▸ EXERCISE PROMPT
Only the lines from the one with "Piccola sideboard in teak, Danimarca 1960" through the last line of the material below belong in the answer, copied exactly and without pictures.

▸ PROVIDED DATA
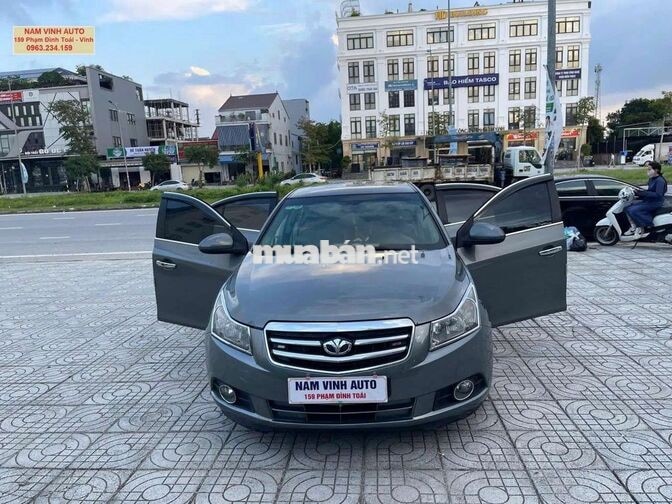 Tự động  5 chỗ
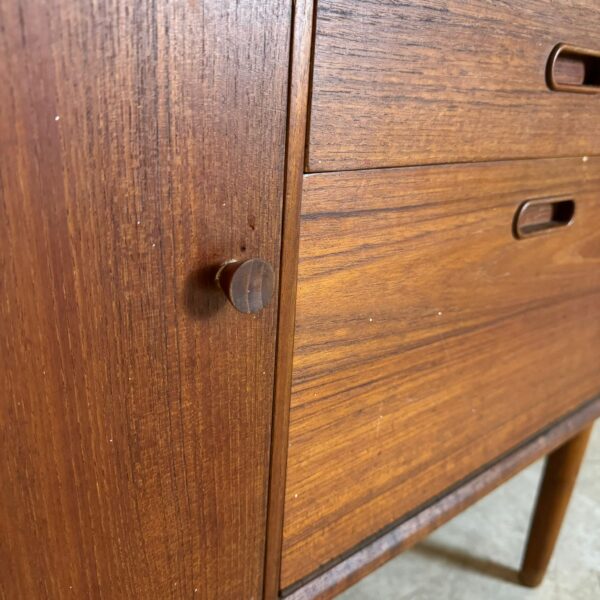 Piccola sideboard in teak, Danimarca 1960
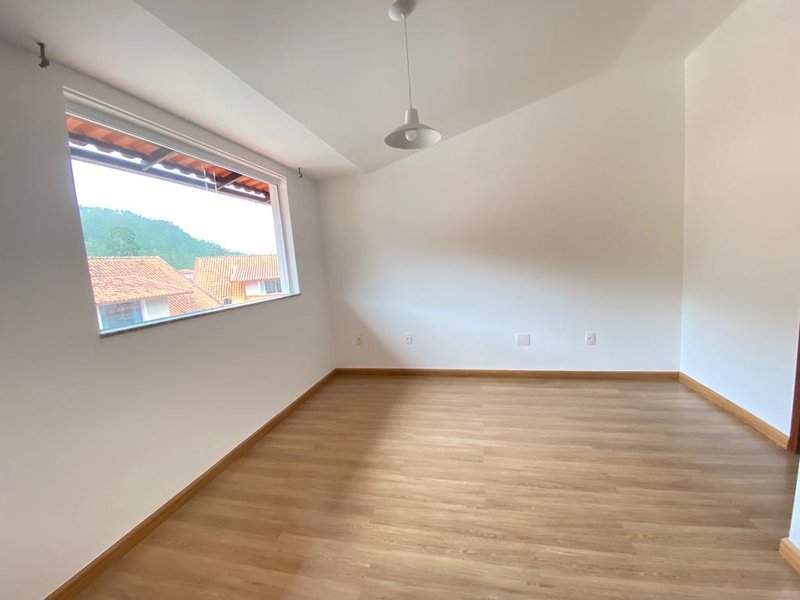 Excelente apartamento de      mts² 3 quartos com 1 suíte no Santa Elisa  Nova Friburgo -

▸ COMPLETED EXERCISE
 Piccola sideboard in teak, Danimarca 1960
 Excelente apartamento de      mts² 3 quartos com 1 suíte no Santa Elisa  Nova Friburgo -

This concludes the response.